# [SOLVED] Kernel-2.6.14-r2 i problem z neostrada

## red79

Skompilowałem wczoraj nową wersję kernela (make oldconfig) i dziś rano próbowałem zainstalować sterowniki do mojej neostrady (mam Sagema 800) eagle-usb-2.3.2 . Niestesty w czasie wykonywania make'a dostałem komunikat o błędzie. Czy ktoś z was instalował już neostradę na tym nowym kernelu?Last edited by red79 on Tue Nov 15, 2005 4:43 pm; edited 1 time in total

----------

## martin.k

Jedna zasadnicza rada co do modemów dostarczanych przez TejPsę: wyrzucić na śmieci!

Miałem srebrnego Speetoucha 300 i kupę problemów z tym badziewiem. W końcu jakoś

udało mi się go zmusić do działania ale cała procedura startu tego badziewia mnie denerwowała.

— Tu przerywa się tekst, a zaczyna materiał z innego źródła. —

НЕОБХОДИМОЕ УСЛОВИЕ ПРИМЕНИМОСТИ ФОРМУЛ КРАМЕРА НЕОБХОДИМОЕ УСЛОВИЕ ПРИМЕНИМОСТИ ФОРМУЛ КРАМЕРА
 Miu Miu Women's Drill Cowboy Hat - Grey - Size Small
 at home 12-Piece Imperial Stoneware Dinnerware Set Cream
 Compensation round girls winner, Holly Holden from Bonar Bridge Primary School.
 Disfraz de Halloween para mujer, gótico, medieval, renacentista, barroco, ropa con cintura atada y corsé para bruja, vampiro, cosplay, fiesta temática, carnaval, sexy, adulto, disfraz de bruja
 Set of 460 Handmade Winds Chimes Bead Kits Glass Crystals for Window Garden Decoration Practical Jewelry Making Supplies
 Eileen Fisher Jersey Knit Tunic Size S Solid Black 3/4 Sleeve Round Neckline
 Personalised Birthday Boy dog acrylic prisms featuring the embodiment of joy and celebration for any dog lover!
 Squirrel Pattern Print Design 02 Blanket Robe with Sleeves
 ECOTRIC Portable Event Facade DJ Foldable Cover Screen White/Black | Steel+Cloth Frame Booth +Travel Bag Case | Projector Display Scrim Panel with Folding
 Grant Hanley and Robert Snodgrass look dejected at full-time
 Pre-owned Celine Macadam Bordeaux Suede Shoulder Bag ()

Poszedłem po rozum do głowy i za uzbierane grosiwo kupiłem sobie 4-portowego Linksysa z modemem ADSL (dokładnie 271 PLN w sklepie na www.linux.pl).

Teraz ograniczam się do naciśnięcia power on! Linksys zestawia mi łącze i już.

P.S.

A za zamieszczanie walniętych sterowników na płytach TejPsa powinna dostać w [cenzura]

----------

## macabre13

Jakiego błęda?

----------

## red79

Podczas wykonywania make wyskakuje coś takiego:

 *Quote:*   

> make -C driver
> 
> make[1]: Entering directory `/home/sebastian/eagle-usb-2.3.2/driver'
> 
> USE_CMVS=1 make  -C /usr/src/linux SUBDIRS=/home/sebastian/eagle-usb-2.3.2/driver modules
> ...

 

Czyżbym czegoś nie dodał w nowym kernelu? Faktem jest że wszystkie nowe opcje jaki mi wyskoczyły w czasie make oldconfig dałem na Nie.

----------

## macabre13

1. poka make.conf

2. wywaliles wczesniejsza wersje, czepia sie czesto ze trzeba "make uninstall"

----------

## red79

Tak odinstalowałem i dałem nawet make clean.

A co do make.conf

 *Quote:*   

> CFLAGS="-O2 -march=i686 -pipe"
> 
> CHOST="i686-pc-linux-gnu"
> 
> CXXFLAGS="-O2 -march=i686 -pipe"
> ...

 

Nie rozumiem co to może mieć do rzeczy.

------------------------------------------------

Dopisane:

Sterowniki zawsze biorą z tarbala eagle-usb-2.3.2 nie kompiluję przez emerge.

----------

## macabre13

Malem takiego buga jak dodawalem do use dziwne flagi, pomijanie rtti i exceptions, wiec chodzilo o lookniecie na twoje make.conf.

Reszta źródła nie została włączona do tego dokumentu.